After my father died, my sisters and I had a little stone bench built near his grave. Inscribed black marble, “In Loving Memory…”, it’s a tiny memorial that sits under a tiny pine tree in a quiet corner of a large cemetery, far down by the coast where he lived.

Though it is far, I sneak away when I can and sit on the tiny bench. I lean my back against the little pine tree and stare into the sky. I listen to the trees murmur in a language I long to understand. Mourners come and go, but none disturb my refuge. Time passes while I watch the clouds contort, trying to impress the sky with their acts of mimicry.

Sometimes I think of the day my father died. That was the day I first realized that I was truly on my own. The teaching was done. No more advice would be given. I hoped I had learned all that I needed to know - everything that I would one day be called upon to teach before my time, too, was done.

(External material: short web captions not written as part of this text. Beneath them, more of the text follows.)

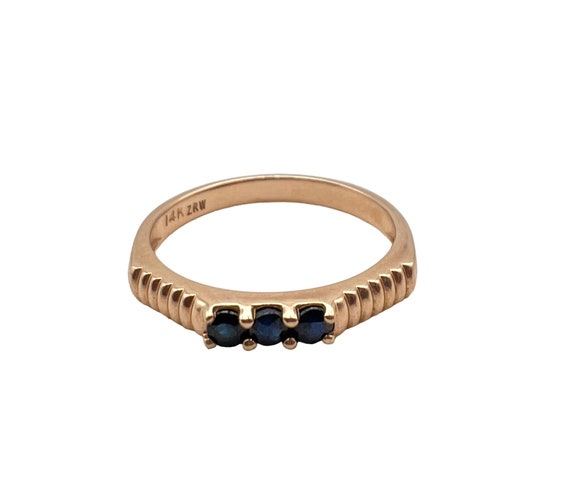 Awesome Solid 14k Rose Gold Ribbed Sapphire Band … - image 2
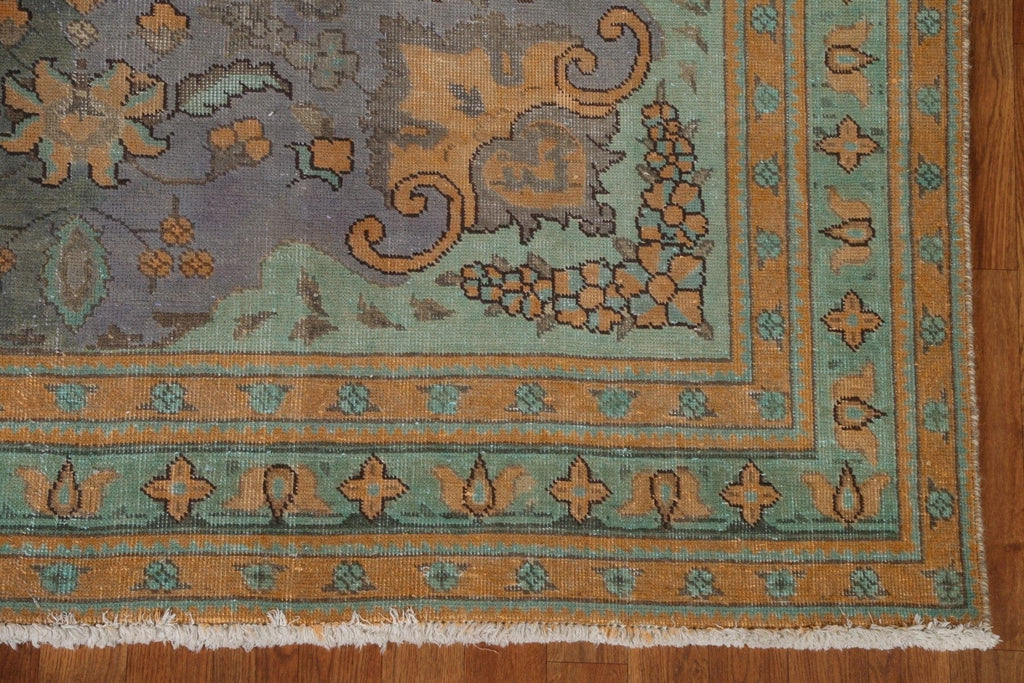 Distressed Over-Dyed Tabriz Persian Area Rug 6x10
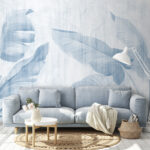 Fotobehang Blauwe bananenbladeren met getextureerde achtergrond.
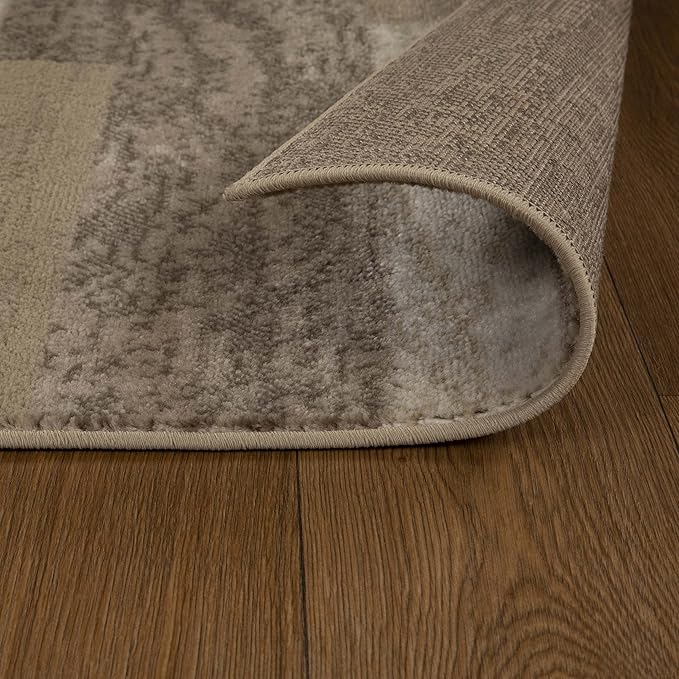 Superior Indoor Area Rug, Jute Backed, Modern Geometric Patchwork Floor Decor for Bedroom, Office, Living Room, Entryway, Hardwood Floors, Rockwood Collection, 8' x 10', Beige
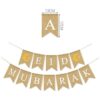 SWYOUN Burlap Eid Mubarak Banner Suministros con purpurina_4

Tiny things conjure my father’s memory, his voice, to my mind. I find that many of his favorite things have become my favorite things. Rocks on distant shores, open spaces, a bent rod, a singing reel, wrought wood, well cooked fish, novels about the sea...

It’s been said that men eventually become an image of their fathers, and I hear others lament the inexorable transformation. For my part, I’m content with the change.
R.T. Lemur 10:03 AM

2 Comments:

Very touching, lemur.
I know those particular trees, I have visited that town many times just because of those trees. They are unlike trees anywhere else in Texas that I have been to. The trees at the old park next to the remains of the sugermill used to be my favorite. The park is gone, but the tree lined streets still fill me with excitment every time I visit. I like to cruise around town like I used to ride my bicycle all over the place. I have always wanted to go back to that small town, not just because it was home, but it was the right place. It would have been the ideal place to raise my child.

Its not really that small town anymore, but those same trees and sky are there. I learned you can't go back to what was, its moved on, now its something new with elements of the remembered. Those memories still shape who we are though, and what we become is sometimes more enjoyable than the innocence of youth we left behind in those "small towns"

We begun to learn new things to teach our children, even some things we rediscover that we had fogotten we were taught. Its the giant wheel that we are giveing another spin around. Hopefully with as much skill as our parents.